CWC talks ag at 'dialogue dinner'

Jan 22, 2017 By Andrea Novotny, Staff Writer

Internships and works studies in agriculture were popular ideas discussed at Central Wyoming College's community agriculture dinner dialogue Wednesday.

The CWC Board of Trustees invited members of the local ag community as well as faculty from the college's various ag and equine programs to discuss the ways students in agriculture and the local ag community can be best served.

Attendees were asked to answer questions about the importance of different aspects of ag education, and what new agricultural niches CWC should explore, with possibilities including meat processing and production, field trials for the local climate, small animal production, small ag entrepreneurship, food processing, horticulture, sustainable ag, and backcountry equine outfitting.
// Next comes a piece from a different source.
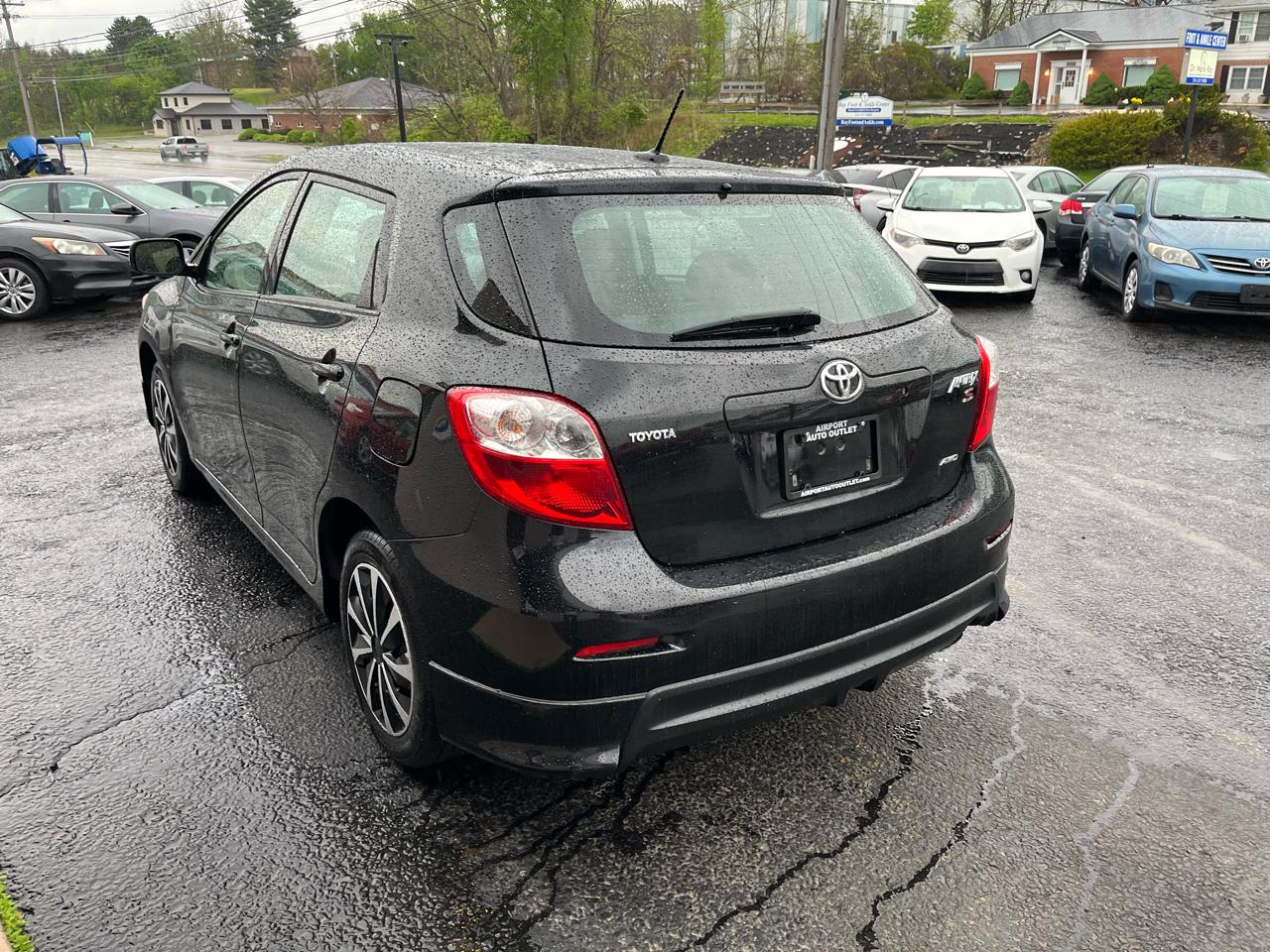 Toyota Matrix S AWD 4-Speed AT 2010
Many who attended said they believed there is a need for more opportunities for students to get hands on experience using existing resources in ag-rich Fremont County.

Riverton farmer and local food advocate Steve Doyle said emphasis on agriculture and locally produced food would benefit the students, college and the community. Doyle said he became involved in the local food movement about eight years ago.

"In that time we have met so many young people who are interested in small sustainable farming," he said. "I think CWC stands in a great position to attract these students."

Other subjects discussed at the dialogue were possibilities associated with the CWC Sinks Canyon Field Station, ways in which the Central Wyoming College Equine Center could increase public outreach and inform the community about its possible expansion, and different ways CWC could work with the University of Wyoming to maximize agriculture services in Fremont County.

Data collected in surveys at the dialogue will be assembled at a later date.